A C++17 Data Stream Processing Parallel Library for Multicores and GPUs
Overview
WindFlow is a library for parallel data stream processing on shared-memory systems and NVIDIA GPUs (distributed support is under development at the moment). Data stream processing is a popular computing paradigm supported by several existing open-source frameworks (e.g., Apache Storm, Apache Flink and Spark Streaming). All existing solutions target distributed systems (e.g., clusters of server machines) and are based on the Java Virtual Machine (JVM) for easing the development of streaming applications on distributed architectures. However, as recognized by recent publications [1,2], they are not effective to exploit at best the potential of scale-up architectures such as single machines equipped with several multi-core CPUs and co-processors like GPUs and FPGAs.

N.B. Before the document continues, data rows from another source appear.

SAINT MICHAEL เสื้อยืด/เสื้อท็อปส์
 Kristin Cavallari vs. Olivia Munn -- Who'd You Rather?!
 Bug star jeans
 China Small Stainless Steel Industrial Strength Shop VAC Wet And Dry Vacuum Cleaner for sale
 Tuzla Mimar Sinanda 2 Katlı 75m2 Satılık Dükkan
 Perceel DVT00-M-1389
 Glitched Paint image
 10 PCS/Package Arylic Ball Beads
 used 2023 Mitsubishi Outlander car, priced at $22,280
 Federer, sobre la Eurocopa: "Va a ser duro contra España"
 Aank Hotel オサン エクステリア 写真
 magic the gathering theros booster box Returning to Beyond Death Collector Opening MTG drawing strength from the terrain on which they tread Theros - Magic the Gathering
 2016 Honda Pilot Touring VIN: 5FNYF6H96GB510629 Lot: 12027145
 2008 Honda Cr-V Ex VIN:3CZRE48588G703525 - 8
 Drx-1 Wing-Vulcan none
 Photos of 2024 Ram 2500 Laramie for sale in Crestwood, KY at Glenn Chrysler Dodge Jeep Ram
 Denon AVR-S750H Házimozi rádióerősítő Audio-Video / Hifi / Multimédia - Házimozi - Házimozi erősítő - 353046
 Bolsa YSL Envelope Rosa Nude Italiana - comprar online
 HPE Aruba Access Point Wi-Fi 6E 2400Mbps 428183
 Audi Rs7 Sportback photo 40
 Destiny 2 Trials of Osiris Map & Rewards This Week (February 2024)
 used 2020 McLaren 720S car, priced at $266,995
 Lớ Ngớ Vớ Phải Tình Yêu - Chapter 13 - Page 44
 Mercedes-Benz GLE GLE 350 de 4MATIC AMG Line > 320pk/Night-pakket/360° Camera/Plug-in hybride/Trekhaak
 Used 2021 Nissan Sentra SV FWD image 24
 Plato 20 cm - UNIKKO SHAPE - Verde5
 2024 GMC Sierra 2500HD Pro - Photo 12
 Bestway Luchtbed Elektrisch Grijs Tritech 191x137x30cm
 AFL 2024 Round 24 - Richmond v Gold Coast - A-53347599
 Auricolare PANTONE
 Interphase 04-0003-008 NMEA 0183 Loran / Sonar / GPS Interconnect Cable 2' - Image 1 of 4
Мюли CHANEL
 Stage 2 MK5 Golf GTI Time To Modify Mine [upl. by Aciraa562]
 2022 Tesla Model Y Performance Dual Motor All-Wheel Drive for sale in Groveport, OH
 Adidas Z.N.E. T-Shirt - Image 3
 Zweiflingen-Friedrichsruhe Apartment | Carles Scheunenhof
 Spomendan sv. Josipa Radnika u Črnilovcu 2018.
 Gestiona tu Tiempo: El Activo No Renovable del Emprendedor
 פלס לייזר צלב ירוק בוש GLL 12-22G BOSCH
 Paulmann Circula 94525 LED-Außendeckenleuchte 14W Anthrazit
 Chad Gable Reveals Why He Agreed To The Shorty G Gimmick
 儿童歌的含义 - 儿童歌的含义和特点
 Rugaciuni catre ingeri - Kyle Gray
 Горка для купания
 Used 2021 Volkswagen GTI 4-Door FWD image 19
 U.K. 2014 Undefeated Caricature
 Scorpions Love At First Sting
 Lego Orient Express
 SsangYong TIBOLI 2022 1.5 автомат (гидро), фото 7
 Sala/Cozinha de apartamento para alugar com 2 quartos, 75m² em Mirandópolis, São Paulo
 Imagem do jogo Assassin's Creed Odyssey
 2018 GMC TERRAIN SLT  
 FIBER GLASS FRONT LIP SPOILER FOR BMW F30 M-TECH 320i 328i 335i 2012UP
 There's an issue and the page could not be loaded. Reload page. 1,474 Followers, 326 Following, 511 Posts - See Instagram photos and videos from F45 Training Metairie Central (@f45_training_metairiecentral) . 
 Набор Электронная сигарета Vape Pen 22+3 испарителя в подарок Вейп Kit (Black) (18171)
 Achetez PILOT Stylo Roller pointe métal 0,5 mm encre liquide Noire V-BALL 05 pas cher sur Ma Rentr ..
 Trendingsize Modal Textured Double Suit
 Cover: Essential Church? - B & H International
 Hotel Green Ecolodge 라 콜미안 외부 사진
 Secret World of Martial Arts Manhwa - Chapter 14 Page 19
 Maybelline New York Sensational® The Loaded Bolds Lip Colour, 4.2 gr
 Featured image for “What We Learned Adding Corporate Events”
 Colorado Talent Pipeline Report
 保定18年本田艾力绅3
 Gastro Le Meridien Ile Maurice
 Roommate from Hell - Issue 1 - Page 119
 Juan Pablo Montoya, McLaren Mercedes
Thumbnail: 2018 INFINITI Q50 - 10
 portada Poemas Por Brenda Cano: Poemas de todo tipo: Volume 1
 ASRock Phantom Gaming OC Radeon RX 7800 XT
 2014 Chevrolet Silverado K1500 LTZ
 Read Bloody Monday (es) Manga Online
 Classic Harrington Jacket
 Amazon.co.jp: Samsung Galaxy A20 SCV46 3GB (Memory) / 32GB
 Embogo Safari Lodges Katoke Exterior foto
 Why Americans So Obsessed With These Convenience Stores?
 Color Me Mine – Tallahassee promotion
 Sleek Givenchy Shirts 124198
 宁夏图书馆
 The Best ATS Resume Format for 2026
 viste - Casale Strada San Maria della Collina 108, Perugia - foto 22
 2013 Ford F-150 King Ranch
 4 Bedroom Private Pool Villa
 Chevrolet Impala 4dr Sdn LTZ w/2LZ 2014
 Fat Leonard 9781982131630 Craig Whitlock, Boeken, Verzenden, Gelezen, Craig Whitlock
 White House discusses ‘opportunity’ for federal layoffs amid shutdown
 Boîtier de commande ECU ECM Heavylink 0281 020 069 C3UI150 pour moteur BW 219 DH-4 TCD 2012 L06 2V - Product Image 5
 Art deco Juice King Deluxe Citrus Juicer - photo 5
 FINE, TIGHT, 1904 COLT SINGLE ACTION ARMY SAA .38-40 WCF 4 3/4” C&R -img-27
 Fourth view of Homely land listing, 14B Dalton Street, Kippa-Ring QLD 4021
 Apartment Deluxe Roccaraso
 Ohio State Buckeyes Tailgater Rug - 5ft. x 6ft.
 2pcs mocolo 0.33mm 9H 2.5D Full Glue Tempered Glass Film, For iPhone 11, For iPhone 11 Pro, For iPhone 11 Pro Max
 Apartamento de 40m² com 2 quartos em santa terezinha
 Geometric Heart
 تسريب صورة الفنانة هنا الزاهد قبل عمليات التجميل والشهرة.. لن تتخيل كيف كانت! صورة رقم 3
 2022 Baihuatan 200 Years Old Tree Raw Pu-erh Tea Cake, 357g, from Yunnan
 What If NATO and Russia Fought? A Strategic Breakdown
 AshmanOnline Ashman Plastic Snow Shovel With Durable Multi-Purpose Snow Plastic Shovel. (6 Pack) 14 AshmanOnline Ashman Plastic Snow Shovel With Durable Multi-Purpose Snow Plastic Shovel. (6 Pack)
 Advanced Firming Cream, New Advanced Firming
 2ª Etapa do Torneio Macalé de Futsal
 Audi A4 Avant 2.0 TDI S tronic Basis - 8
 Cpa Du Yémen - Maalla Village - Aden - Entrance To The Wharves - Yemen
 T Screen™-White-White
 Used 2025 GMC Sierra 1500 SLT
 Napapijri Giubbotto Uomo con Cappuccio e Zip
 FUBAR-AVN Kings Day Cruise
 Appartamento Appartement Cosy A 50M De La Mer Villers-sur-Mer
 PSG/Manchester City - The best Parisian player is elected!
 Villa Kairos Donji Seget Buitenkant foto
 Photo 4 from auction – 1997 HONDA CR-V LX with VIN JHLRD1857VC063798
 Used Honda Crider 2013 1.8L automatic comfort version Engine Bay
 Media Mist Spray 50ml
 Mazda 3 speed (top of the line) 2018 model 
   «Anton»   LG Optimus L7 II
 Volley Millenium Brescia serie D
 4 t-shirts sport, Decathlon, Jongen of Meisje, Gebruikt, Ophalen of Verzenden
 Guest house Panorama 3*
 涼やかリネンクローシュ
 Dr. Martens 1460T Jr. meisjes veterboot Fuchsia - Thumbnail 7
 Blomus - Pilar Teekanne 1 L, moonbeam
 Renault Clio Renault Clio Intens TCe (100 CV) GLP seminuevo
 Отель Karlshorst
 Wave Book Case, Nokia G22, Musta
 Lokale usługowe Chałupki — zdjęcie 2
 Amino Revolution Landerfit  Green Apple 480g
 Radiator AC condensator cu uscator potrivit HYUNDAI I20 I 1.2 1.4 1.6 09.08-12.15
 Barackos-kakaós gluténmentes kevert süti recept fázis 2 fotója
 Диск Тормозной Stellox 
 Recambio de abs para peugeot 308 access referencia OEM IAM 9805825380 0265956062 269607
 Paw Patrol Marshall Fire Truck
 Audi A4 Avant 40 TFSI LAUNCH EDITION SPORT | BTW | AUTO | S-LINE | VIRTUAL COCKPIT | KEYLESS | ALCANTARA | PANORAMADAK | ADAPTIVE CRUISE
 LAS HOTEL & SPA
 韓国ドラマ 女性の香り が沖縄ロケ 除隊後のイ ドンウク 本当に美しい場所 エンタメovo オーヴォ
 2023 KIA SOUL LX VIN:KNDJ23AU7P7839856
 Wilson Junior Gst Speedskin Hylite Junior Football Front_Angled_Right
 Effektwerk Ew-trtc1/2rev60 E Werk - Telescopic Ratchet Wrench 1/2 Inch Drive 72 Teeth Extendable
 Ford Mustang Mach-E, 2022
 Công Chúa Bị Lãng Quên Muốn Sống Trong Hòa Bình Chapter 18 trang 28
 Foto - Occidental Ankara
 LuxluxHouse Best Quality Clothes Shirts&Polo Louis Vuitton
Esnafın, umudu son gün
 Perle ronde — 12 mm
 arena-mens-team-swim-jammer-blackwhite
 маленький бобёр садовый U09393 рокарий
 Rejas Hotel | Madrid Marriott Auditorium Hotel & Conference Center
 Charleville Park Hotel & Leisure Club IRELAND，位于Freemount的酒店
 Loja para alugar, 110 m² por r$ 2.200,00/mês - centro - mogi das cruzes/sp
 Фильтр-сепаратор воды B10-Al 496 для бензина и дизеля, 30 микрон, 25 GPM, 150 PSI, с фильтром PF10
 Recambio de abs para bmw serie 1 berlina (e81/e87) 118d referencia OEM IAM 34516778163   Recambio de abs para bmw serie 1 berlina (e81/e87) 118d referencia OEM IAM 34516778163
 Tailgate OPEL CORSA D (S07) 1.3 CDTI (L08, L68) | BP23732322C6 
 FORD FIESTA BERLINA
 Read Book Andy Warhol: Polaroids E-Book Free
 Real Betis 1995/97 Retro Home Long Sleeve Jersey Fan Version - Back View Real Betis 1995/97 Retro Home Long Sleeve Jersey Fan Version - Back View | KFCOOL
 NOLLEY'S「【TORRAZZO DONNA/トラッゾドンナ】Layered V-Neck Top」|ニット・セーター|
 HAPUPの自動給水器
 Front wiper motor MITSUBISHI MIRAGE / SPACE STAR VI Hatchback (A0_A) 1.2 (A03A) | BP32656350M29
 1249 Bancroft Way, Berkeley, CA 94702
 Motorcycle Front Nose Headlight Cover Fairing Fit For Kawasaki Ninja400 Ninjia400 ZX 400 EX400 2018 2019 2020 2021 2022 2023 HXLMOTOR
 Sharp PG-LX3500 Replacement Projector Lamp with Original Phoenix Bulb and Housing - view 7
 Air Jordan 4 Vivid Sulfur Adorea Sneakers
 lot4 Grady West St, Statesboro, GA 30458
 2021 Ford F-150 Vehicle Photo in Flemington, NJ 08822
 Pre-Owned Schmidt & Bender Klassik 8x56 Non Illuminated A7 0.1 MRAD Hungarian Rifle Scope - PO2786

The library proposed in this web page tries to fill this gap by providing an easy-to-use tool with the following distinguishable features:
it provides a clear API fully compliant with the recent C++17 standard;
as in most of the existing systems, applications are represented by data-flow graphs of interconnected operators. The library provides common streaming operators like map, filter, flatmap and many others. To instantiate operators, the programmer must provide the business logic code required to do the processing (provided via lambda expressions, functor objects or plain functions). Therefore, operators run arbitrary user-defined functions and not only predefined transformations (like relational algebra operators of old-style Data Stream Management Systems);
the library provides window-based operators with a rich parallel semantics to accelerate continuous analytics on data streams;
operators can be composed using the MultiPipe programming construct, which provides a compositional interface to build applications (i.e., to create operators and to connect them).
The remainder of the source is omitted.